提供者の視点と患者さんの視点の違い

サービスの提供者は、患者さんが具体的に得たい結果(=エンドゴール)を得るためにどのような支援をするのが最適かを考えます。その時に見過ごされがちなのが、患者さんはどんな気持ちになりたいか(=エモーショナルゴール)、どんな自分でありたいか(=ライフゴール)という視点です。【図:1-a】

【図:1-a】3つのゴール

例えば、患者が得たい結果が「自立歩行できるようになる」の場合、提供者は、どのようにすれば自立歩行できるようになるか、具体的な手段に焦点を当てます。しかし、具体的な手段自体はよかったものの、患者さんがリハビリを続けてくれなかったので結果が出せなかった。こういったケースが少なくありません。
このようなケースの場合、提供者が「自立歩行できるようになる」というエンドゴールを直線的に追求するだけではうまくいきません。自立歩行できるようになる、あるいは自立歩行の訓練をする過程で、患者さんがどんな気持ちになりたいか(=エモーショナルゴール)、どんな自分でありたいか(=ライフゴール)という患者さんのモチベーションをより深いレベルで理解し、そのモチベーションを「自立歩行できるようになる」というモチベーションと結びつけて手段を検討していく必要があります。

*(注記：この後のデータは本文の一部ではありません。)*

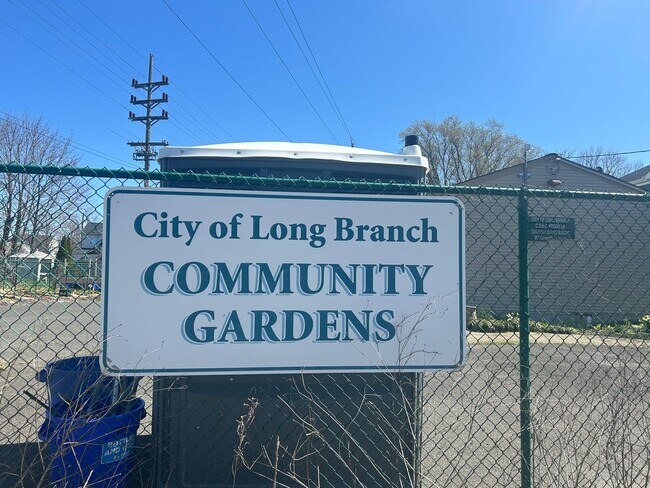 Building Photo - Large 5 Bedroom Single Family House Available in Long Branch!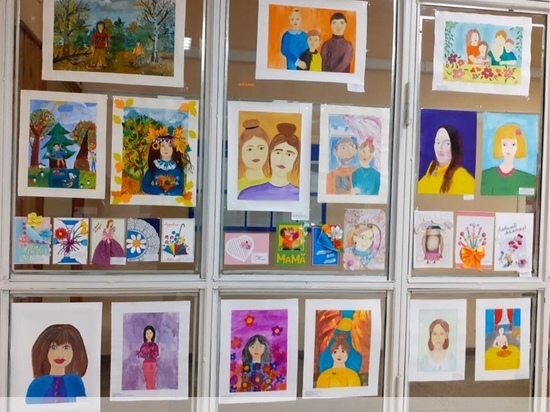 Администрация Псковского района открыла выставку детских рисунков ко Дню матери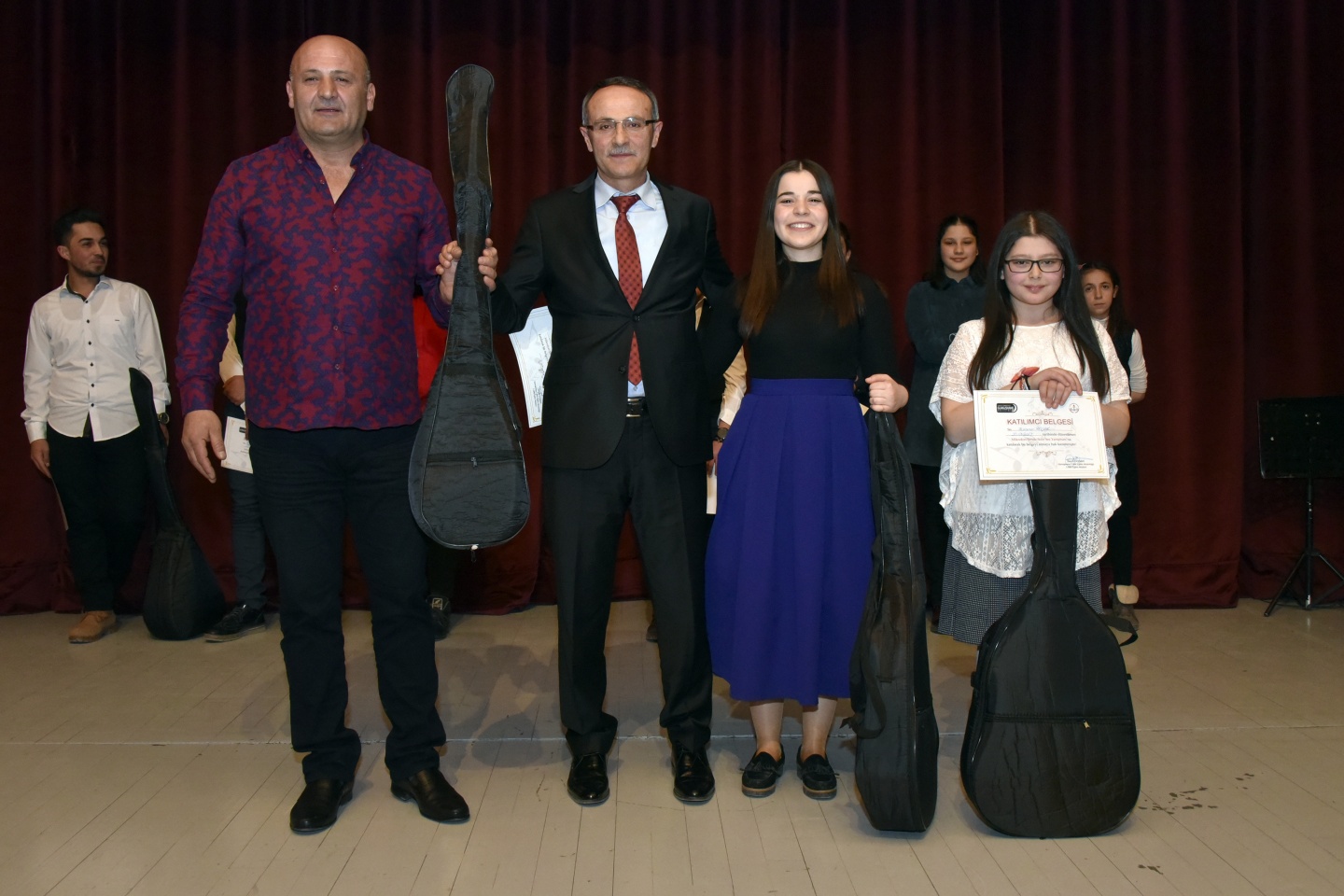 ‘Mikrofon Sende Solo Ses Yarışmasının’ finalleri yapıldı 29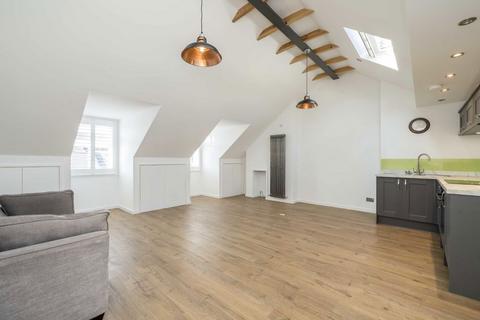 Studio for sale, Brougham Road, London W3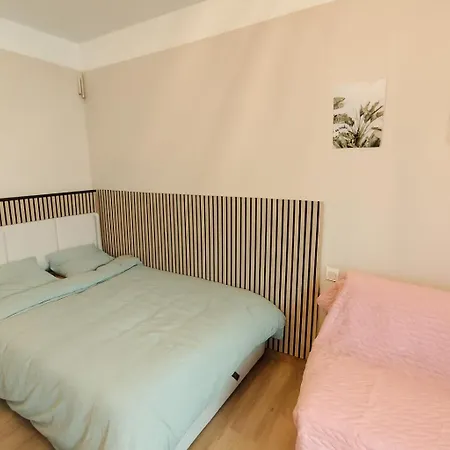 Apartman Equipe Climatise Rdc A 100m Des Cures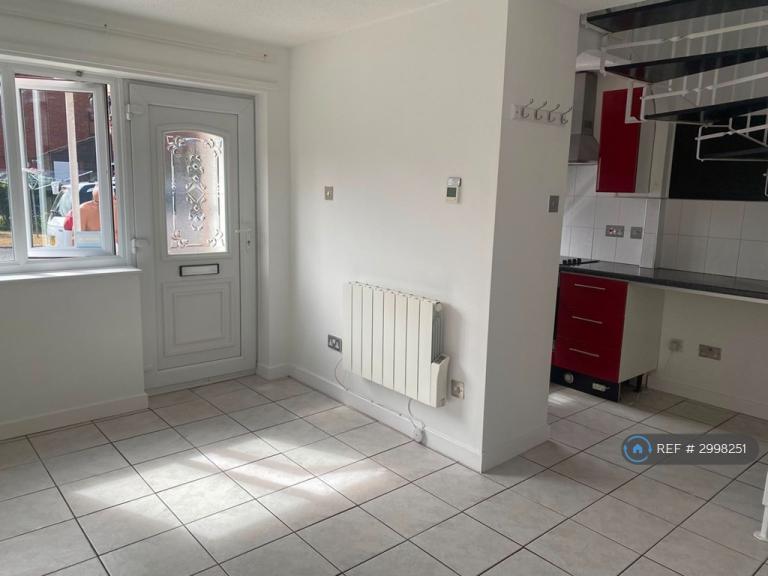 House Circuit Close in Willenhall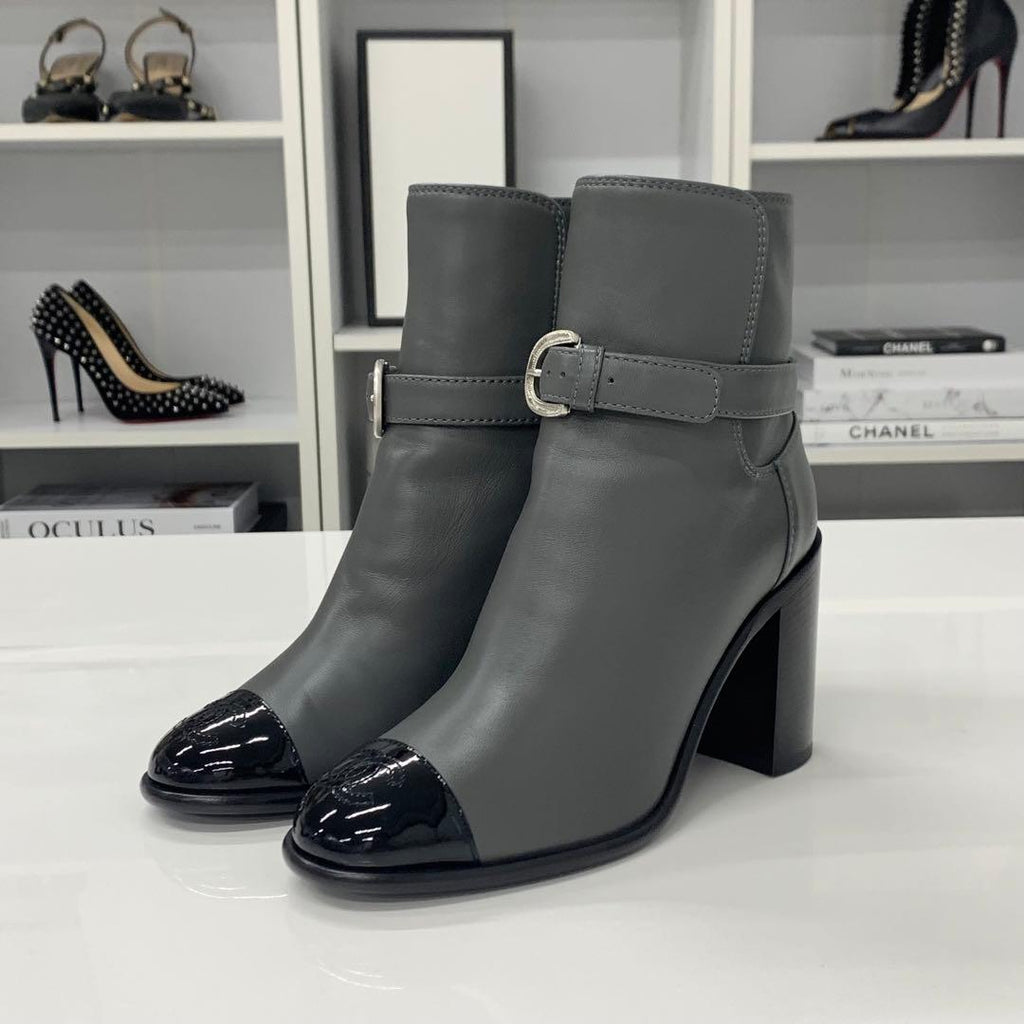 Chanel CC Logo Leather Patent Belt Short Boots Gray — view 3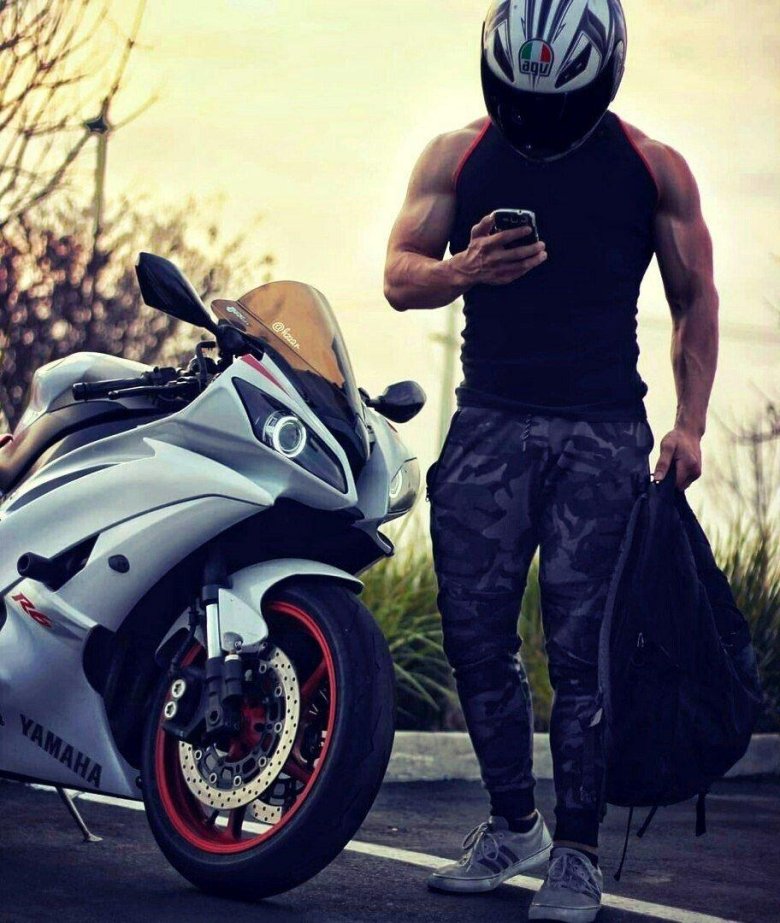 Yamaha r6 черный с мотогонщиком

【図:1-b】

【図:1-b】3つのゴール

患者さんのエンドゴールは、治療、介護、支援の段階とともに変化していきますが、患者さんの身体的な状態が変わっても、エモーショナルゴールやライフゴールが大きく変わることはありません。サービス提供者が連携して患者さんのゴールを深いレベルで共有し、エモーショナルゴールやライフゴールに沿って患者さんとコミュニケートすることができれば、患者さんの体験はよりよいものになっていきます。